They say there’s no such thing as bad publicity. Indeed, a recent New York magazine article — with the dubious title “The Trouble With Liberty” — includes pithy quotes from Mises Institute president Doug French, which should appeal to open-minded readers.
But even though the New York author, Christopher Beam, tries to be fair to libertarians, in the end he thinks their worldview is wacko. In the present piece I’ll explain how Beam goes wrong in his critique of libertarianism.
Beam Did His Homework
Although Beam ultimately disagrees with their version of libertarianism, followers of Murray Rothbard should be grateful anytime a popular magazine article carries passages like this:
Ayn Rand has been called the “gateway drug” to libertarianism, but many converts keep toking well into adulthood. Her novels, including 1943’s The Fountainhead and 1957’s Atlas Shrugged, sell more than 800,000 copies a year. Other libertarians credit their conversion to Hayek, fellow Austrian economist Ludwig von Mises (Ron Paul’s personal fave), American free-marketer Milton Friedman, or Austrian-influenced American anarcho-capitalist and father of modern libertarianism Murray Rothbard. Ever since its publication in 1944, Hayek’s The Road to Serfdom has been the anti-regulatory Ur-text.
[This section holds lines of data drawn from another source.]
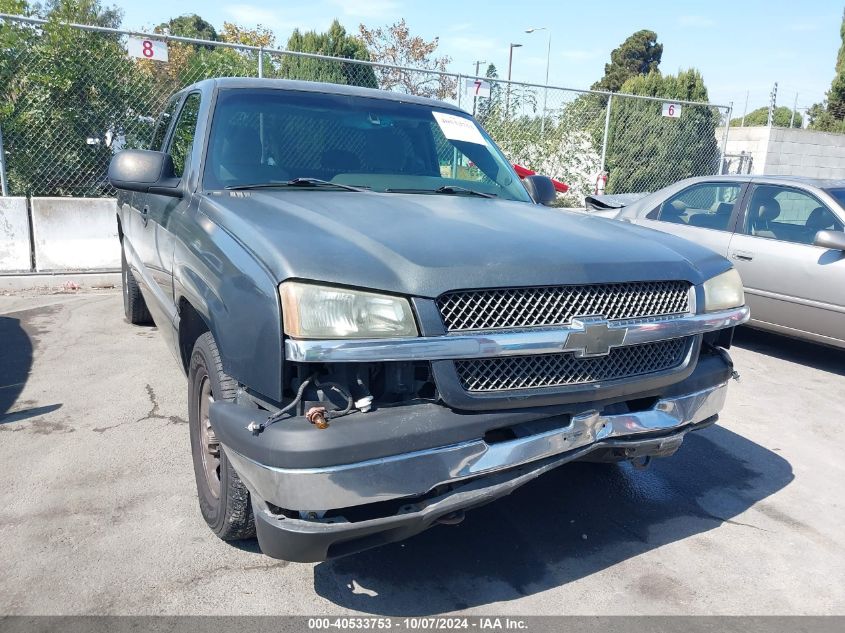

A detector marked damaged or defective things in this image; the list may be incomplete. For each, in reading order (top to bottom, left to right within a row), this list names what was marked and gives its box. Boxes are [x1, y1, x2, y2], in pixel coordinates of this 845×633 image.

damaged front bumper [208, 358, 728, 560]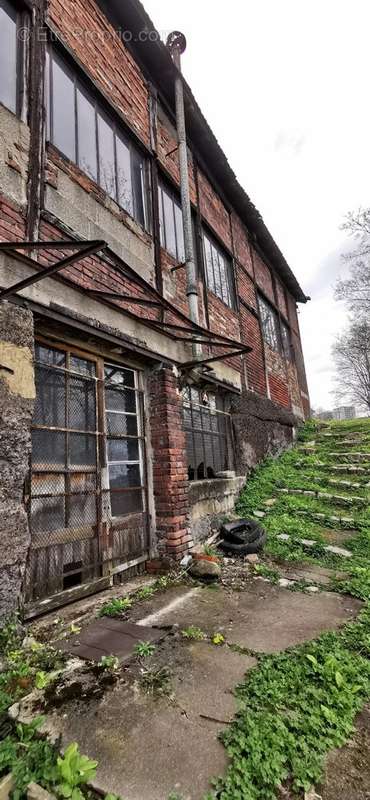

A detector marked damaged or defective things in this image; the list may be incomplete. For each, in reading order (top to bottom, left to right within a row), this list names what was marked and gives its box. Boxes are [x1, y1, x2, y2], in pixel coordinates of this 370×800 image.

broken window [0, 0, 18, 114]
broken window [47, 48, 148, 228]
rusted metal awning [0, 238, 251, 372]
broken window [202, 231, 234, 310]
broken window [258, 296, 278, 352]
broken window [105, 364, 145, 516]
broken window [181, 388, 231, 482]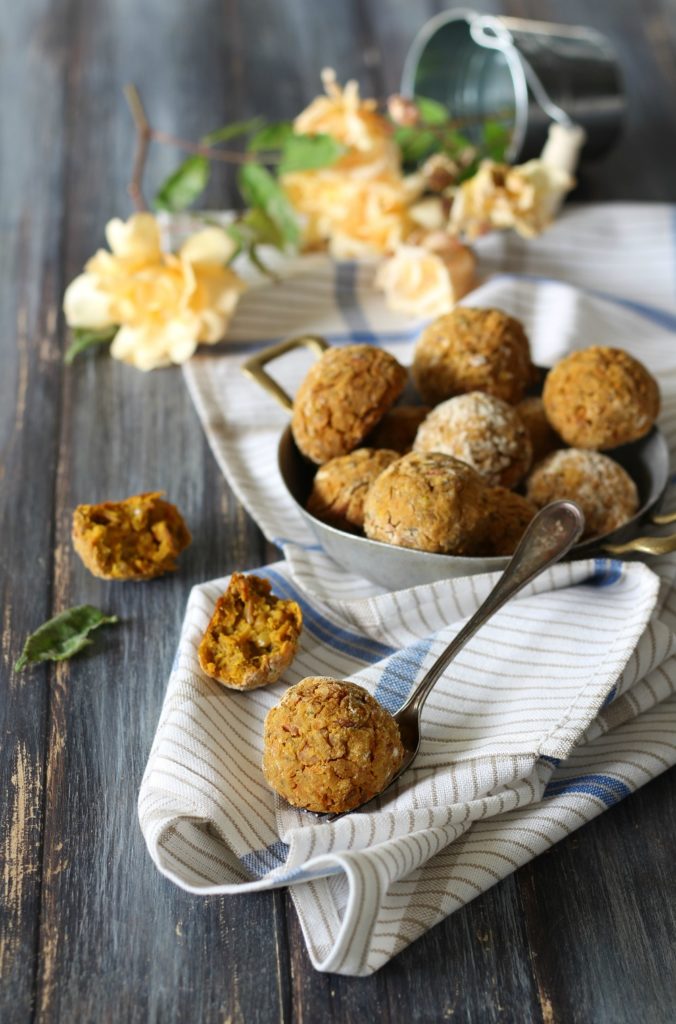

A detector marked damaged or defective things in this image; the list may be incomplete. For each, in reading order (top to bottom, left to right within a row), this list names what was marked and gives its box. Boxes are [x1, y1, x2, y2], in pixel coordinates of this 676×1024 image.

broken food ball [290, 344, 406, 464]
broken food ball [410, 306, 536, 406]
broken food ball [544, 348, 660, 448]
broken food ball [72, 492, 191, 580]
broken food ball [528, 450, 640, 540]
broken food ball [199, 572, 302, 692]
broken food ball [262, 676, 402, 812]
In addition to including quotes from Doug French, Beam’s research of the various strands of libertarian thought shows that in his mind he wasn’t setting out to write a hatchet job. In fact, Beam didn’t start to annoy me until the fifth page of a six-page article, which is quite an accomplishment.
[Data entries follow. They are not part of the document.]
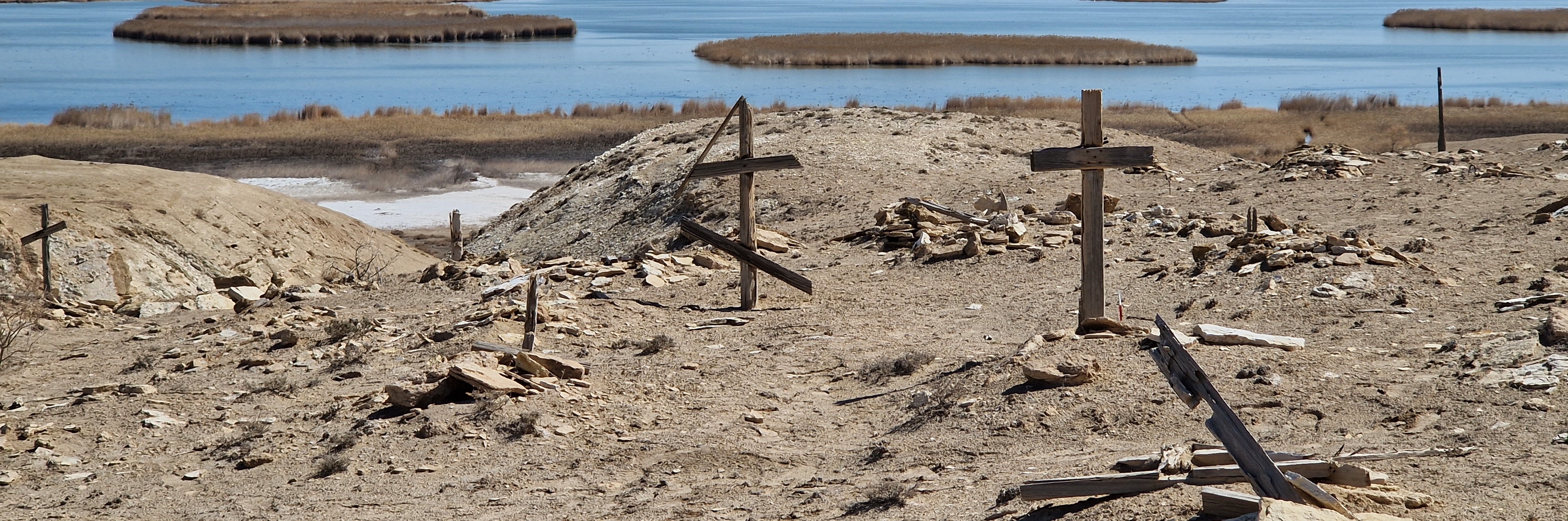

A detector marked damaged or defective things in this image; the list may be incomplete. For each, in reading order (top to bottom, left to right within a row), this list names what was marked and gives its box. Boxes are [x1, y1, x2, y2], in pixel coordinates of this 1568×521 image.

broken wooden cross [20, 206, 67, 300]
broken wooden cross [668, 96, 803, 309]
broken wooden cross [1035, 91, 1160, 323]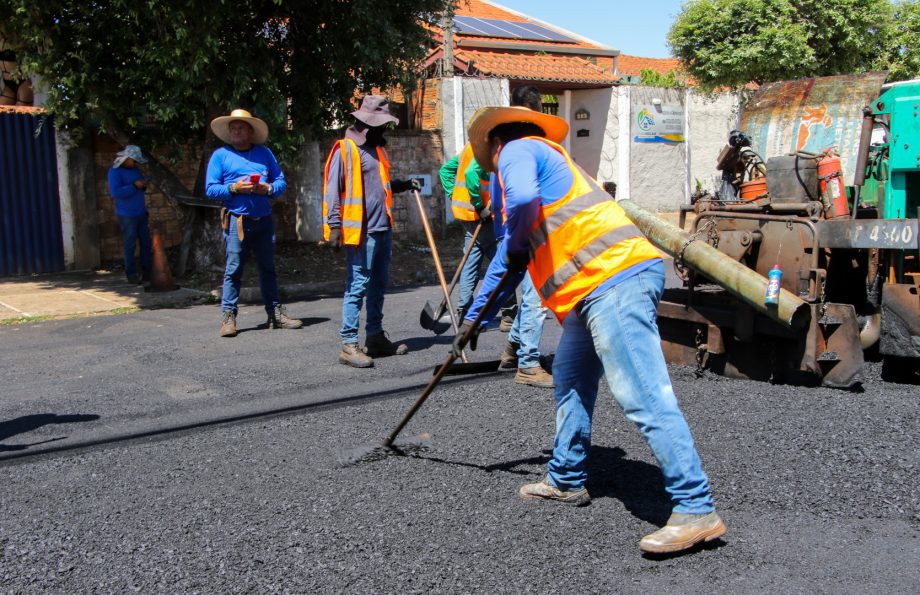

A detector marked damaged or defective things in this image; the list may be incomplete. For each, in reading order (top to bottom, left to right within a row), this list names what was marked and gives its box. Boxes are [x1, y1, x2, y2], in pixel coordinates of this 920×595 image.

rusty metal surface [736, 74, 888, 186]
rusty metal surface [816, 219, 916, 249]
In Defense of Theft and Murder?
After quoting libertarian comedian Penn Jillette — who before 9/11/01 had written about the overblown threat of airline terrorism in a manner that now seems naïve in retrospect — Beam writes,
Jillette might choose his words differently today. Everyone knows going through airport security sucks, even without “porno-scanners.” But few dispute the need for some line of defense. More-efficient, less-intrusive security would be great. But none at all? Jillette’s tract is a good example of how libertarianism ventures down some fascinating paths but usually ends up deep in the wilderness.
Now, I haven’t read the Penn & Teller book How to Play in Traffic from which Beam quotes, so we don’t know if Jillette is really for “none at all” when it comes to airline security, or if he really had been objecting to government-imposed security measures. (Jillette is a comedian who frequently uses curse words, so it’s possible he didn’t have such fine nuances in mind.)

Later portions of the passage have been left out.